■ THE RECORDS
|---|
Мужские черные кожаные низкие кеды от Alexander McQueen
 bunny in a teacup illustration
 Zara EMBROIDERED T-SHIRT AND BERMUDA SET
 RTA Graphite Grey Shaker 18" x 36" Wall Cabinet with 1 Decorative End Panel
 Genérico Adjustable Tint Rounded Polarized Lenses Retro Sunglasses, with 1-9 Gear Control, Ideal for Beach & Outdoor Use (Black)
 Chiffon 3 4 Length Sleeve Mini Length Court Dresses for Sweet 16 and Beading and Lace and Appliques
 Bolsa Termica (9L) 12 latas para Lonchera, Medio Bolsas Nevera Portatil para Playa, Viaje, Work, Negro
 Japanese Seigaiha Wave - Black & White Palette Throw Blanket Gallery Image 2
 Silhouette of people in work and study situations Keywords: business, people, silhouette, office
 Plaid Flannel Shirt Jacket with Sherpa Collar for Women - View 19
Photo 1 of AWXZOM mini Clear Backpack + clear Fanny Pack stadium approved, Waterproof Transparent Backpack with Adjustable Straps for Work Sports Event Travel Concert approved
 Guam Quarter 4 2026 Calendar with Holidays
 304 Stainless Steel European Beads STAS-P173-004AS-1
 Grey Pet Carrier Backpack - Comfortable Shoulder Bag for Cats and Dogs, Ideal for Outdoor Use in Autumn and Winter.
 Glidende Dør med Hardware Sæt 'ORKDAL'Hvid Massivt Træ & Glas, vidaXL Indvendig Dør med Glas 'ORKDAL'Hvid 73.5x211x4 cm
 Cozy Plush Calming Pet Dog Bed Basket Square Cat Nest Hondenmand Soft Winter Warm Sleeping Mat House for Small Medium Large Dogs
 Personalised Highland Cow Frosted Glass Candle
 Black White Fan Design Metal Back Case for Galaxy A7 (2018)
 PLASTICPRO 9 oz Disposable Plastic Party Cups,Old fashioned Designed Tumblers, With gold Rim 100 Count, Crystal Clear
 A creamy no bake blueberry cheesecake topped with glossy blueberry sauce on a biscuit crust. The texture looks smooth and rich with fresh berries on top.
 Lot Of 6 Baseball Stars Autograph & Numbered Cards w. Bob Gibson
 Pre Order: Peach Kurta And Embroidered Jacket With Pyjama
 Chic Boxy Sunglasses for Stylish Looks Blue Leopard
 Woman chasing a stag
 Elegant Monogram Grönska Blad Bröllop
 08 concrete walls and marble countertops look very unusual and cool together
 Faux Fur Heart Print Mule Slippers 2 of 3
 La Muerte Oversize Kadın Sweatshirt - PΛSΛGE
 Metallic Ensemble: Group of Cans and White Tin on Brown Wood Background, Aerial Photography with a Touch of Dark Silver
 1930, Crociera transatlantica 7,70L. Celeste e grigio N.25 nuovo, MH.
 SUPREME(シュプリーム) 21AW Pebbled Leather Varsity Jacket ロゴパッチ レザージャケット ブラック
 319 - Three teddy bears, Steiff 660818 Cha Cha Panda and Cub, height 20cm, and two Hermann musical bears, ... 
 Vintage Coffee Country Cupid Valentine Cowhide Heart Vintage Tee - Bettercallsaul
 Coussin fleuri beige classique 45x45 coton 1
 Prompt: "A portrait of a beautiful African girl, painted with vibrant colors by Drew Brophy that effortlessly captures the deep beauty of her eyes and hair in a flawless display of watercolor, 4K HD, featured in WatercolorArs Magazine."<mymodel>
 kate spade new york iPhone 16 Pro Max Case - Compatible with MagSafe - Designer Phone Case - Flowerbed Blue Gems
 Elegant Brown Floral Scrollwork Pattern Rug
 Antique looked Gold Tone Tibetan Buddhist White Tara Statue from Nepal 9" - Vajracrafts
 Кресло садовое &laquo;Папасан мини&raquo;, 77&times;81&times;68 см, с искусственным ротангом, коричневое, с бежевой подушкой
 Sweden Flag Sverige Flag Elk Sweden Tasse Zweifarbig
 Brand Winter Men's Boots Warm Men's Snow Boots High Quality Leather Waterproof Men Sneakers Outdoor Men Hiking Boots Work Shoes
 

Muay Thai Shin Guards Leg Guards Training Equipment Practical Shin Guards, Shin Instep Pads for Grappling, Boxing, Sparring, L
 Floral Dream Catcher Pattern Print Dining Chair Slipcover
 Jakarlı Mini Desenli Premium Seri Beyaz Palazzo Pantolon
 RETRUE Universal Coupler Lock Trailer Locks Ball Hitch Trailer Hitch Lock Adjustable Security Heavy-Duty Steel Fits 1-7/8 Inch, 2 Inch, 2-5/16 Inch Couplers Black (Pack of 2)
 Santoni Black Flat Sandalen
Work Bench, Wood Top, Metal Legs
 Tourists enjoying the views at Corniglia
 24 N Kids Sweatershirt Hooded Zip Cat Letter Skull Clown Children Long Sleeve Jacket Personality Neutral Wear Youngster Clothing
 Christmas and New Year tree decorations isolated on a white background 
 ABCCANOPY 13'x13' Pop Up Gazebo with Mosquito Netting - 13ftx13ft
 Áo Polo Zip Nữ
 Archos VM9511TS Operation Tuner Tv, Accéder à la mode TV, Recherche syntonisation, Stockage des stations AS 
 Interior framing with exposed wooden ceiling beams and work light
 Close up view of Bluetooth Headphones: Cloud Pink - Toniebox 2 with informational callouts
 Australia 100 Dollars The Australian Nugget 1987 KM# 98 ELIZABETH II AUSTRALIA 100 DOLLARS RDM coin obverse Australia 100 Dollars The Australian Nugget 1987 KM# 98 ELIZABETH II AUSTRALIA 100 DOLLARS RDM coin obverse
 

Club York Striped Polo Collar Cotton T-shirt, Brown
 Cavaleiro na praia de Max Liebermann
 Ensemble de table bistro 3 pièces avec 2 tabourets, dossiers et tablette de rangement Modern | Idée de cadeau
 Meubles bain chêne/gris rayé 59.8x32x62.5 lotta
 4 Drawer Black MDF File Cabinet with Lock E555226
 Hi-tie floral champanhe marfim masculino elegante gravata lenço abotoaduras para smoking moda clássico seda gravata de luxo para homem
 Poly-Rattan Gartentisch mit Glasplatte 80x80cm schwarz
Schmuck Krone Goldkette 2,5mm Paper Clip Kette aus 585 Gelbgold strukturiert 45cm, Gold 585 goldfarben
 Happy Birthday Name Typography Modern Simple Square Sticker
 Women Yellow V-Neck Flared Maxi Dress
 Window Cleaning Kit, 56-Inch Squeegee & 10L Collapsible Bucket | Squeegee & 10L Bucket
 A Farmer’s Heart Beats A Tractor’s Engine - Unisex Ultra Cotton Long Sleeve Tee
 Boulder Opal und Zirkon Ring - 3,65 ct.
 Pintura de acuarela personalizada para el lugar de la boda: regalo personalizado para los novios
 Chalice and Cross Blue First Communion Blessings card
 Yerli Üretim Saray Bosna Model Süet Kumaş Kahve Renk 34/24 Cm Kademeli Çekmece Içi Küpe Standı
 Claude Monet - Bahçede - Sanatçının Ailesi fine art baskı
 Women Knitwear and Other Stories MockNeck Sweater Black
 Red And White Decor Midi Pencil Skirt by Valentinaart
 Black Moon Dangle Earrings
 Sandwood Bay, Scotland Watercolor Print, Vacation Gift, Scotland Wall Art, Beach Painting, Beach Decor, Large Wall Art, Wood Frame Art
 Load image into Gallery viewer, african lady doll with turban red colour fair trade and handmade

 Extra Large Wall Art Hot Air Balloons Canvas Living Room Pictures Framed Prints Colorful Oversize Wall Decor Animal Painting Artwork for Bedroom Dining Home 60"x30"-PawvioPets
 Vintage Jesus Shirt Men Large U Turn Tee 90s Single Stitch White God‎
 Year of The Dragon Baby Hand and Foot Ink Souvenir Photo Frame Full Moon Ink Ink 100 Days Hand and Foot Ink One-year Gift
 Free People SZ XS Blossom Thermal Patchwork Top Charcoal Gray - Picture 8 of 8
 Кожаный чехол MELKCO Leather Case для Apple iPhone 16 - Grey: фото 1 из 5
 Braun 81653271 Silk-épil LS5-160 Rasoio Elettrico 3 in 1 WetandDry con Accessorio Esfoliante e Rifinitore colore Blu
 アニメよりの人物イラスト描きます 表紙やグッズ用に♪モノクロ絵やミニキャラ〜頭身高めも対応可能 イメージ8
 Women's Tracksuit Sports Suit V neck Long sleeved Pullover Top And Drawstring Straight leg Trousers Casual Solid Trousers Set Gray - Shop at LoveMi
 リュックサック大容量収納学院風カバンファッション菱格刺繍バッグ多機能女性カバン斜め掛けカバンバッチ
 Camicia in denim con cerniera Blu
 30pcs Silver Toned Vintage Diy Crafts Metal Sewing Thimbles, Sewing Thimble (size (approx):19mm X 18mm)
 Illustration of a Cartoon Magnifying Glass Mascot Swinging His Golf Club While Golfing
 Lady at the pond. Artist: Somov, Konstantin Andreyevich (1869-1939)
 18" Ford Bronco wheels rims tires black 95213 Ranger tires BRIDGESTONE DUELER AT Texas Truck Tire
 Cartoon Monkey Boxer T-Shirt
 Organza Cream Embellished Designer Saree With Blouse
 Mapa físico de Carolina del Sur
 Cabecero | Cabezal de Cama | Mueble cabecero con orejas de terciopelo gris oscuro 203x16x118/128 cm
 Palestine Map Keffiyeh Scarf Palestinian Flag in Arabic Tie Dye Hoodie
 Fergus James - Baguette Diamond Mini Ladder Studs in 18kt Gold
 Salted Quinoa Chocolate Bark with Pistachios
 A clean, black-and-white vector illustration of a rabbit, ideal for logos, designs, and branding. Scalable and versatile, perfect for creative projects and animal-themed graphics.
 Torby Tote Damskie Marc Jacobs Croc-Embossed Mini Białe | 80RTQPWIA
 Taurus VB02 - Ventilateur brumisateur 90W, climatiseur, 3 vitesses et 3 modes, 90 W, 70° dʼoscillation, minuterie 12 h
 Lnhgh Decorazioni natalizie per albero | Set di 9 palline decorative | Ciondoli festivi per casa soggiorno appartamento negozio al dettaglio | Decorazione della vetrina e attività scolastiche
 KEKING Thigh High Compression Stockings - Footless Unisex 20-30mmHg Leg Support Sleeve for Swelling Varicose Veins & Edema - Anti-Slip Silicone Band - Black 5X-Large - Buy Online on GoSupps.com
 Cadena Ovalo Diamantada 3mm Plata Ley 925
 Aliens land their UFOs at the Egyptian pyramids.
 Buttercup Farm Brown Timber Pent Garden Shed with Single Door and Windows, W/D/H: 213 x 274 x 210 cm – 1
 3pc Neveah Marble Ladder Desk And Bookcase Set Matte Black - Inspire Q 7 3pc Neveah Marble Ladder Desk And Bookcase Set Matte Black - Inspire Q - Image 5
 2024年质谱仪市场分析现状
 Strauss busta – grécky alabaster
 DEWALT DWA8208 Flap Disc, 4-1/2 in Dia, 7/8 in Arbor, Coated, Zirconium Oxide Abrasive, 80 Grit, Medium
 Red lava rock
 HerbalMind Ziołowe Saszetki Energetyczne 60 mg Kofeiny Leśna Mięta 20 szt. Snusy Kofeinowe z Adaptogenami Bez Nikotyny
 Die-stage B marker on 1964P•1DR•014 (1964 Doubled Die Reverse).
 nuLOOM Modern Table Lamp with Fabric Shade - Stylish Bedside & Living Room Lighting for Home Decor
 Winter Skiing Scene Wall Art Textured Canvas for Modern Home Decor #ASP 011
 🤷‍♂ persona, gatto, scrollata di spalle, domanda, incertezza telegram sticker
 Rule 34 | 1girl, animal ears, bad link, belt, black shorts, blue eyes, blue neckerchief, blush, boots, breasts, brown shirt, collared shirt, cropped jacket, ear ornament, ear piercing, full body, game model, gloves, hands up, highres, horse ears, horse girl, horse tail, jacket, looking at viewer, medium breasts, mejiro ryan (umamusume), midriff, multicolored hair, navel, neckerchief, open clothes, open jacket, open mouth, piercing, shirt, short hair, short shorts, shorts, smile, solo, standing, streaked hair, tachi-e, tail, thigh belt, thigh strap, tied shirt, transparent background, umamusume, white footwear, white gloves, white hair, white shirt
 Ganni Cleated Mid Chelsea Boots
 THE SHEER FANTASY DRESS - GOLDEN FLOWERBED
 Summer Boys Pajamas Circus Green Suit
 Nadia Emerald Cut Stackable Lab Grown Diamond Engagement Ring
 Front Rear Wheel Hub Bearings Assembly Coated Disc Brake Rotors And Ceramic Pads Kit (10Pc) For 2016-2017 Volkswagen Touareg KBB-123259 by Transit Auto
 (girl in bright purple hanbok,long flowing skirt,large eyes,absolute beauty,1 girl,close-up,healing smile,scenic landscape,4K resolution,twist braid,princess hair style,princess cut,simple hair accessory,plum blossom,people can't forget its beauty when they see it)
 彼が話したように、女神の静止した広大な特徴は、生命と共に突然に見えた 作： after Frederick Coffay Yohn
|---|
■ WHAT NEEDS TO BE DONE
Reproduce the entries above exactly, but only the lines between the line holding "Personalised Highland Cow" and the line holding "SUPREME(シュプリーム) 21AW Pebbled", inclusive.

■ SOLUTION TO THIS EXERCISE
 Personalised Highland Cow Frosted Glass Candle
 Black White Fan Design Metal Back Case for Galaxy A7 (2018)
 PLASTICPRO 9 oz Disposable Plastic Party Cups,Old fashioned Designed Tumblers, With gold Rim 100 Count, Crystal Clear
 A creamy no bake blueberry cheesecake topped with glossy blueberry sauce on a biscuit crust. The texture looks smooth and rich with fresh berries on top.
 Lot Of 6 Baseball Stars Autograph & Numbered Cards w. Bob Gibson
 Pre Order: Peach Kurta And Embroidered Jacket With Pyjama
 Chic Boxy Sunglasses for Stylish Looks Blue Leopard
 Woman chasing a stag
 Elegant Monogram Grönska Blad Bröllop
 08 concrete walls and marble countertops look very unusual and cool together
 Faux Fur Heart Print Mule Slippers 2 of 3
 La Muerte Oversize Kadın Sweatshirt - PΛSΛGE
 Metallic Ensemble: Group of Cans and White Tin on Brown Wood Background, Aerial Photography with a Touch of Dark Silver
 1930, Crociera transatlantica 7,70L. Celeste e grigio N.25 nuovo, MH.
 SUPREME(シュプリーム) 21AW Pebbled Leather Varsity Jacket ロゴパッチ レザージャケット ブラック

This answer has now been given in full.